Read the whole RFP. If you can understand all the forms you are a better person than I am. People who specialize in that kind of work know how to get the business, low ball the bids and then raise the price after the fact. The best people stick with the private sector where people can make decisions based on competence. DISD suffers because the best people aren't even seeking its business. Miles needed real help. I am not sure whether he would have listened but he certainly didn't have access to the best thinking on the many issues he faced when he took the job.       

Just_wonderin
Just_wonderin

@waitjustaminute @JimSX

I have never bid on a DISD rfp - different industry.  I have bid on rfp's.  The language about minority or woman-owned firms and diversity of employees is required of entities that receive federal funds - don't know what requirements the State of Texas has.

My guess is that it is in every rfp published by DISD.  If it is not, its presence is a clue to which are funded, at least in part, by federal funds.

It IS a non-issue.

waitjustaminute
waitjustaminute

@JimSX The most obvious one was the requirement that the vendor have worked with large urban school districts in the past. I believe there was some other language about diverse audiences.  There are points for being minority or women owned and a package of other forms to be filled out that are baffling unless you have done it before. It is so vague that only someone who had worked with DISD would comprehend what they were talking about and how to price it. The proof is that only Lisa and one other firm bid the project and I believe someone reported DISD had to reach out to the second firm to get the bid. Just to be clear I am not interested in the business. As a taxpayer I found the process deeply flawed. Miles whole approach to PR Sprague to Rodriguez to LeMaster has been a huge waste of money. When I tried to recommend someone to Miles office who would have guided him through the landmines he stepped on I was impolitely rebuffed by one of his henchmen. Again, I have no personal dog in this hunt other than being a taxpayer who doesn't like the way this is being handled.   

JimSX
JimSX topcommenter

@Ontheotherhand @JimSX 

He didn't write the letter.

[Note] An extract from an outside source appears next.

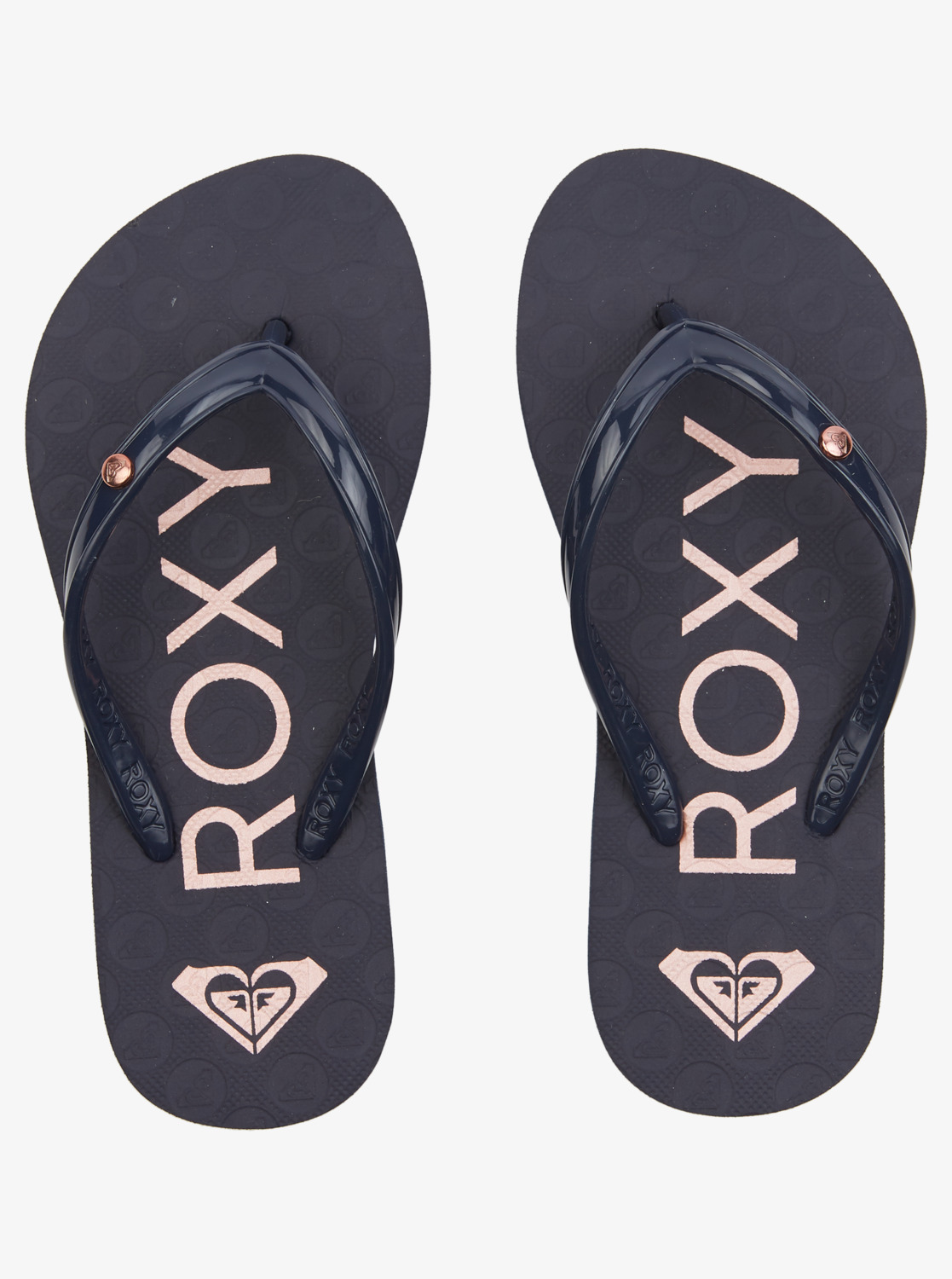 roxy flip flops girls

He allowed it to be written.  I think your suggestion is too clever by half -- that he should have handled it in a more duplicitous way. When you have highly motivated interests trying to make even the most innocuous behavior look duplicitous anyway, it's hardly smart to play into their hands by being even more duplicitous yourself. But, listen: you offer an interesting allegation: that the RFP was written so that only LeMaster could have won the bid. I do, indeed, have a copy. Please point me to the specific sections that make your allegation true.